1. Our research
Many of Cadw’s projects and programmes contribute to our understanding of Wales’s past.
We undertake research directly on our properties in care, either to inform and complement our ongoing conservation and maintenance programme, or to support our interpretation and presentation activities.
We also support the investigation of the wider Welsh historic environment through our threat-related grant aid-programme to the four regional Welsh Archaeological Trusts, or as part of our assessment of candidate sites for designation as historic assets of national importance.
Much of this work has resulted in academic monographs and journal papers. We provide grants for the publication and dissemination of fieldwork projects that we have supported.
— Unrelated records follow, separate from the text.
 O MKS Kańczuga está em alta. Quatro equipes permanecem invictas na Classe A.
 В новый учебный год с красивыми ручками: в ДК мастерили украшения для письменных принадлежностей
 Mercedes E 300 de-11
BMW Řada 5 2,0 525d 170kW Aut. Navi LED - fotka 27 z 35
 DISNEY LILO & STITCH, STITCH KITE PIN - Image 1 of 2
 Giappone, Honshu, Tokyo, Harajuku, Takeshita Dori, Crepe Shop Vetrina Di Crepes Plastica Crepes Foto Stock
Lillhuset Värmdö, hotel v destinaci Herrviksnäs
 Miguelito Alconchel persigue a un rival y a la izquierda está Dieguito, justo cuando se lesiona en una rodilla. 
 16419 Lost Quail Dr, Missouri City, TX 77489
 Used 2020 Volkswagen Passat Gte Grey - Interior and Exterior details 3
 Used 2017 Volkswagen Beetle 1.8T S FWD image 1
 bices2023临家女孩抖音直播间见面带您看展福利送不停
Cadw has supported and contributed to the establishment of a Research Framework for the Archaeology of Wales – www.archaeoleg.org.uk
Cadw also supports research that will contribute to other aspects of our management and understanding of the historic environment. For example, understanding the value of the historic environment, assessing and identifying monuments and buildings at risk and understanding how visitors use and respond to our properties in care.
2. Summer visitor survey
We carry out visitor research triennially at our castles, abbeys, ironworks and historical sites all over Wales.
This is an opportunity for our visitors to provide valuable feedback on their experiences at Cadw monuments. The research helps us to continually improve our customer service provision: highlighting areas where we are delivering on our commitments; providing opportunities to engage with our teams on areas we need to address and ensuring Wales’s historic environment is accessible and inclusive to all.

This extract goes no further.